Com esse clima favorável ao engajamento político, os grupos de pós-punk, ska e pop tiveram mais liberdade para expressar posições ideológicas.

O ódio contra o regime thatcherista virou então a principal bandeira da música feita nessa época (leia trechos de algumas canções ao lado).

No clipe de "Ghost Town" (1981), os integrantes do The Specials passeiam pelas ruas desertas de uma cidade, fazendo referência ao desemprego e à falta de mobilização social.

Na letra de "Shipbuilding" (1982), Elvis Costello posicionava-se contra a guerra nas Falklands cantando a partir da perspectiva de operários ingleses que construíam os barcos que levavam o exército até lá.

Uma das principais vozes desse período foi o hoje lendário roqueiro socialista Billy Bragg que, ao lado de Paul Weller (The Jam) e Jimmy Sommerville (Communards), fundou, em 1985, o Red Wedge.

A ideia era arregimentar músicos para tentar engajar os jovens na política. Apoiaram greves e, em 1987, pediram que as pessoas votassem no Partido Trabalhista, para evitar uma nova vitória de Thatcher.

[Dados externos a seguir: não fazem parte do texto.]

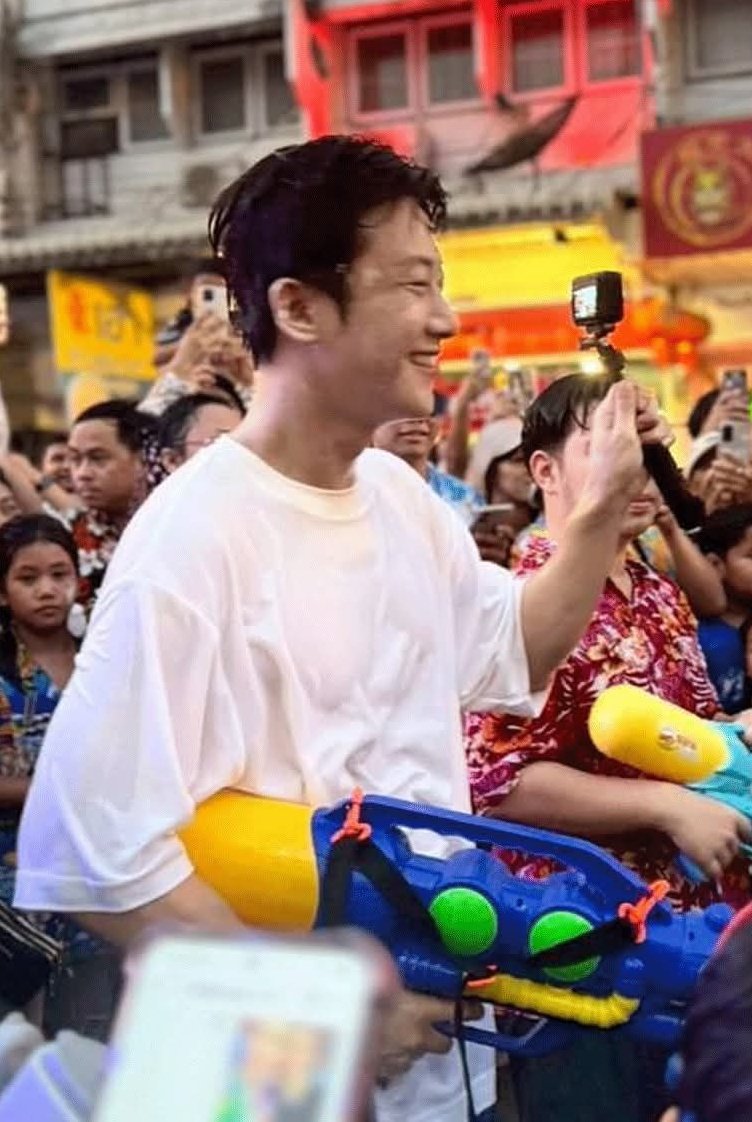 นักวิเคราะห์ความสัมพันธ์มิตรภาพลูกผู้ชาย tweet media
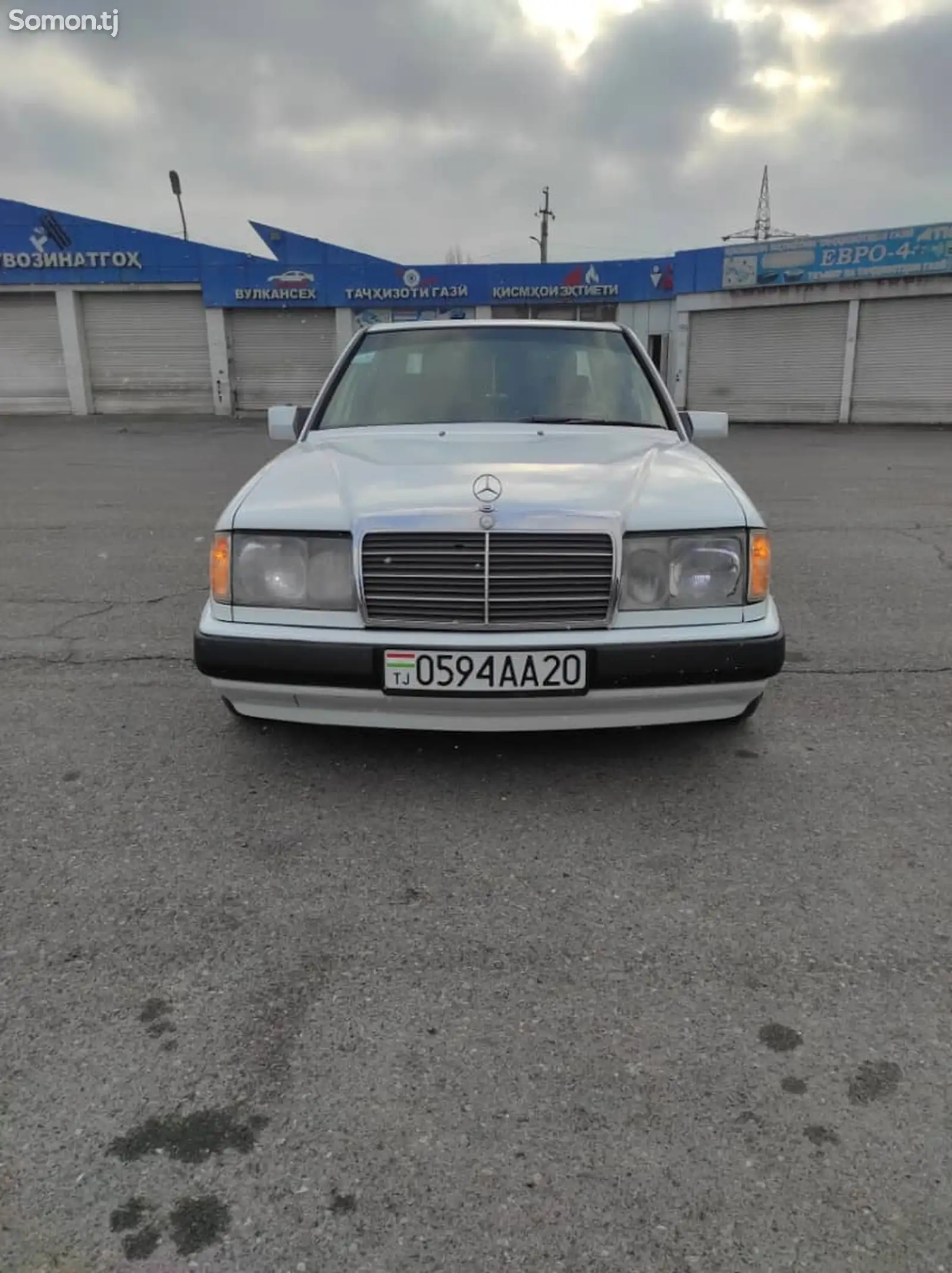 Mercedes-Benz W124, 1988-1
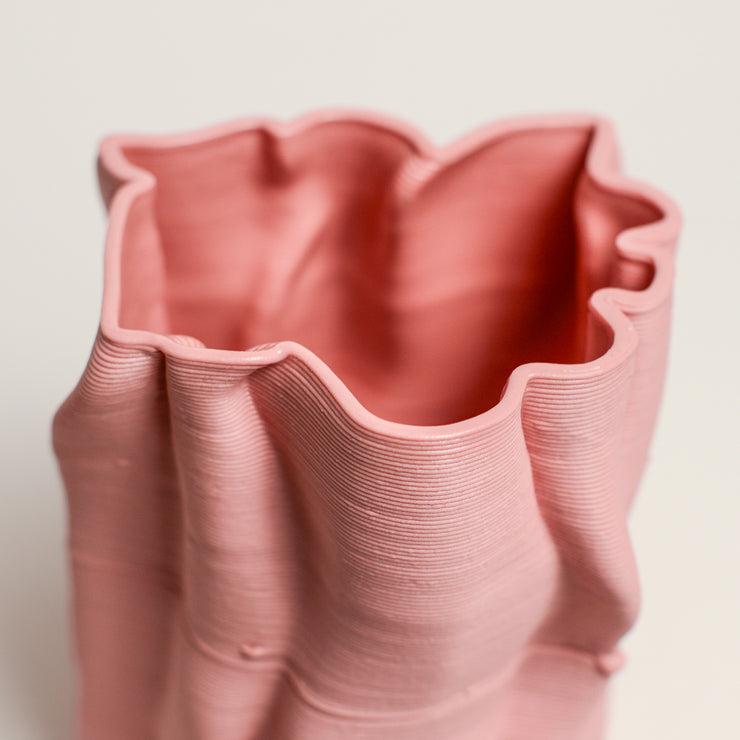 Porcelain sculpture made by Alterfact using 3D printing techniques in clay. Alterfact is an Australian duo composed of ceramicist Lucile Sciallano and designer Ben Landau based in Melbourne where they create contemporary ceramics using 3D printing techniques.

De um modo geral, os anos 80 na Inglaterra marcaram o auge da música de protesto. Um dos álbuns emblemáticos dessa época foi "Sandinista" (1980), do The Clash, cujo título referia-se à guerrilha de esquerda nicaraguense.

ARTE CLASSE MÉDIA

Para Garrett, uma das consequências mais importantes das transformações daquele período foi o fato de a nova ordem ter forçado as artes a virarem negócios rentáveis.

"Antes de Thatcher, era comum haver grupos de punk e de artistas de vanguarda de classes mais baixas. Ela pôs fim a isso. No sistema capitalista e individualista que implementou, a arte tinha de dar dinheiro." Para a jornalista, o brit-pop e a gêneros mais comerciais, como a acid house, viraram coisa de classe média ou alta e os jovens com menos recursos foram alijados do cenário.

"Se formos ver com os olhos de hoje, o punk foi um gênero que atingiu diretamente muito pouca gente em números absolutos. Depois dele viriam essas raves para multidões, o pop comercial", explica. Para ela, Thatcher acabou com o espaço para manifestações mais alternativas. "O mal que ela fez está aí até hoje e deve perdurar por muito tempo", conclui.